The Litchfield Community Unit School District 12 Board of Education adopted a five‑year strategic plan following a consultant‑led presentation and remarks from three student participants.
Consultants described a process that began in November and included seven board SWOT interviews, student, staff and family surveys and six stakeholder meetings from January through April. Consultant Jason said the process was “organic,” with iterative drafts refined by committee input. The plan includes a tagline—“honoring our roots, building our future”—a written mission and vision and a “portrait of a graduate” defining six graduate qualities.
Student Faith told the board, “One of my favorite parts about doing this process was getting to meet new people and talk to all the individuals that came to all the meetings.” Another student said they felt included even when they could not attend every meeting and that adults listened to the student perspective.

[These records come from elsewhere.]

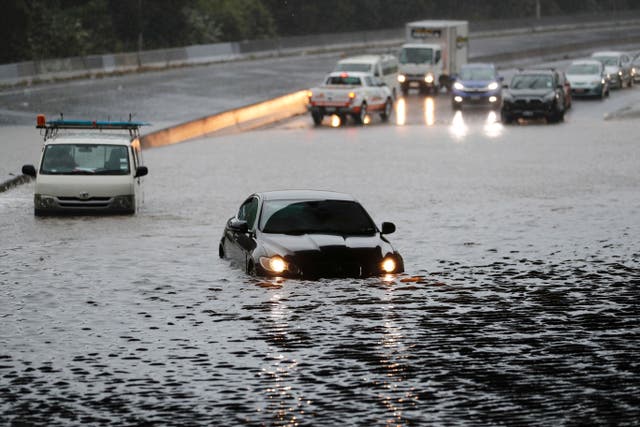 <p>Vehicles are stranded by flood water in Auckland on 28 January a day after record levels of rainfall pounded New Zealand’s largest city, causing widespread disruption</p>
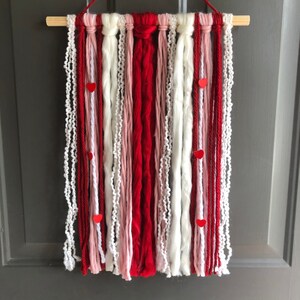 May include: A red, white, and pink yarn wall hanging with red heart accents. The yarn is woven together to create a textured and layered look.
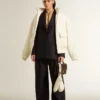 Modèle Forty2 pour femme avec étoile noire et languette de talon en cuir à effet métallisé argenté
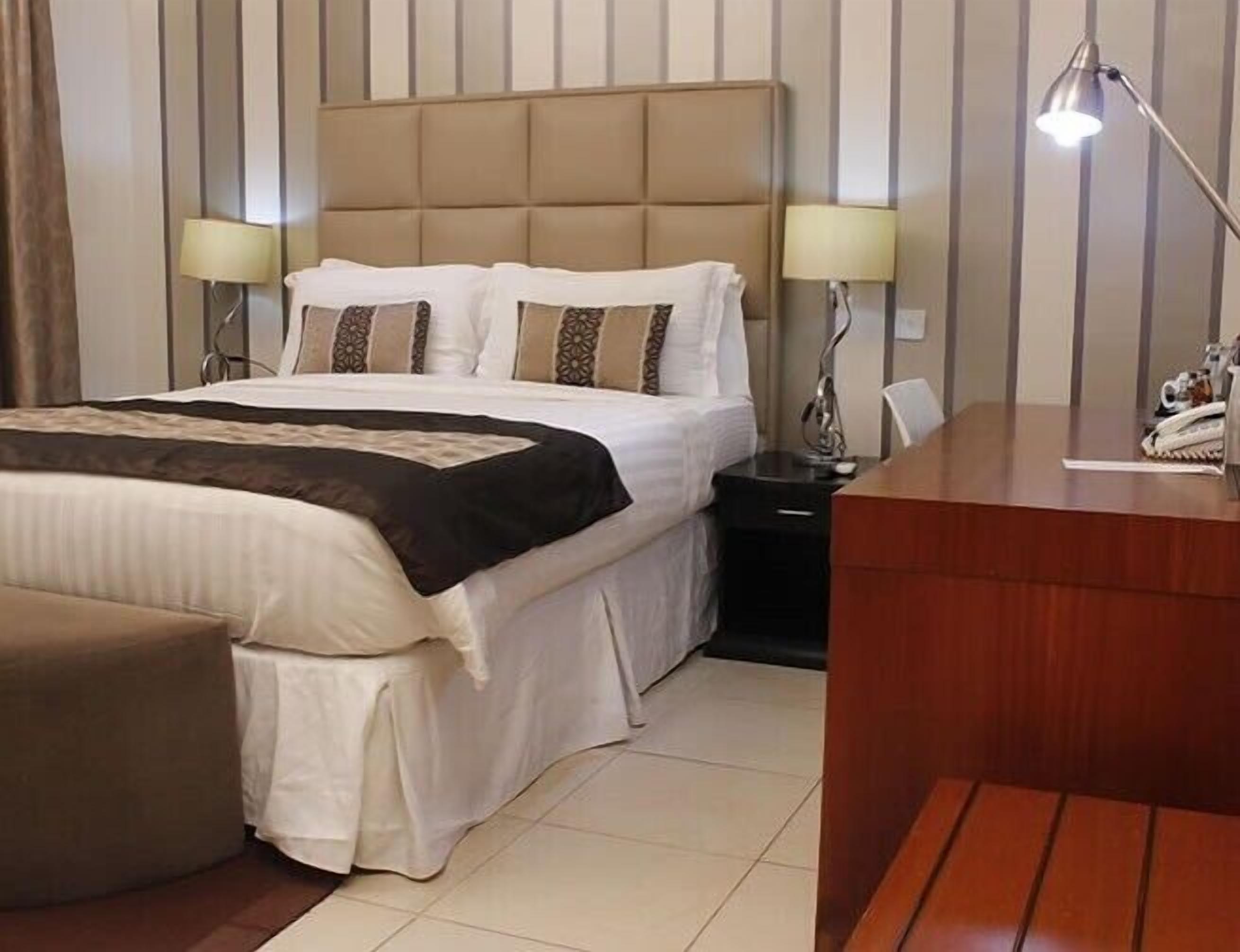 A hotel room with a bed, bedside tables, a desk, and a chair.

The board heard the consultants read the mission: “Litchfield School District is committed to serving our students, staff, and community through meaningful education, shared pride, and daily inspiration. We empower every learner to become a successful, independent, and contributing member of society.” The vision reads that the district “strives to be a place where every student is acknowledged, inspired, and challenged,” and the presenters listed values (integrity; opportunity; respect; innovation; community and service; excellence) with definitions for each.

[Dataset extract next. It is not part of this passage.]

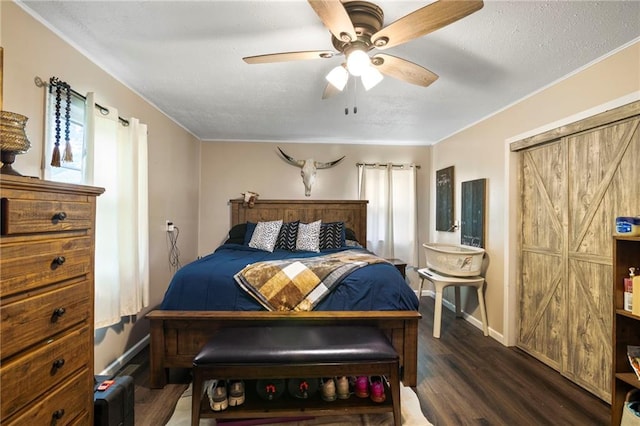 302 W 4th St, Waverly, KS 66871 - bedroom featuring wood finished floors, baseboards, ceiling fan, crown molding, and a textured ceiling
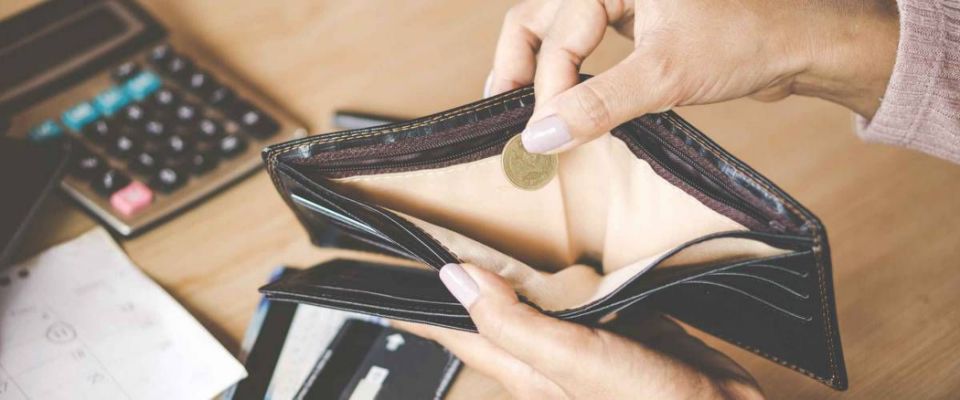 poor Asian woman hand open empty purse with only one coin left bankrupt broke after credit card payday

Consultants outlined the plan’s five goal areas that will guide action‑planning over the next five years: climate and culture (safety, belonging, attendance and extracurricular participation); facilities and learning environment (a comprehensive five‑year facility plan, improvements to spectator accommodations and adaptable instructional spaces); family and community connection (improved, consistent communications and expanded counseling and post‑secondary supports); governance, finance and operations (transparency, long‑term fund balance management and staff recruitment/retention); and teaching and learning (research‑based instruction, professional development, expanded CTE/dual‑credit opportunities and social‑emotional learning supports).

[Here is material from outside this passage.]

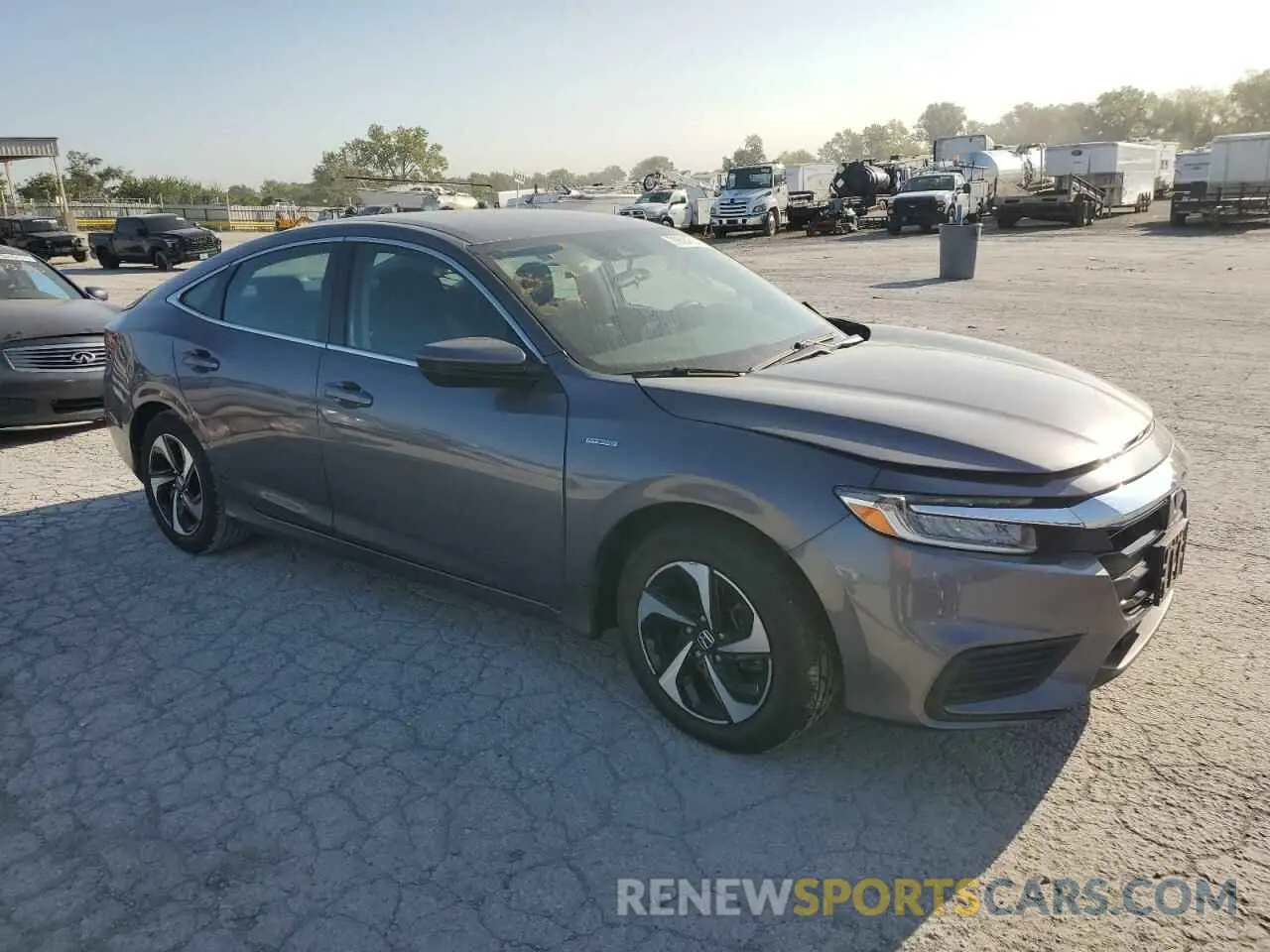 4 Photograph of a damaged car 19XZE4F58NE006386 HONDA INSIGHT 2022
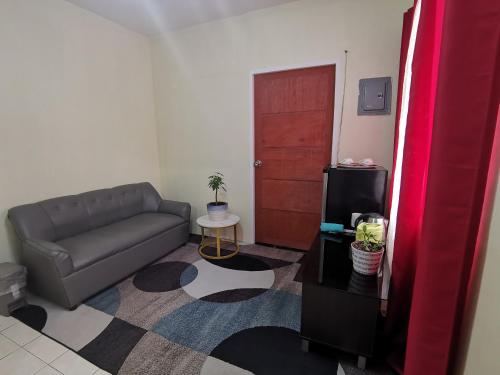 uma sala de estar com um sofá e uma porta em Air-conditioned Home em Dávao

Superintendent Dr. Kelly Mlan thanked stakeholders and students and emphasized the plan is a framework rather than a finished set of actions. Dr. Mlan said administration will work with the consultants to translate the goals into specific action steps and timelines and return with annual updates on progress.
A board member moved and a second was recorded; a roll‑call vote was requested and taken. The motion to approve the strategic plan was recorded and the board proceeded to other agenda items.
Next steps: administration and the consultant team will begin building the action steps that translate the plan’s goals into measurable activities and will report progress to the board in future meetings.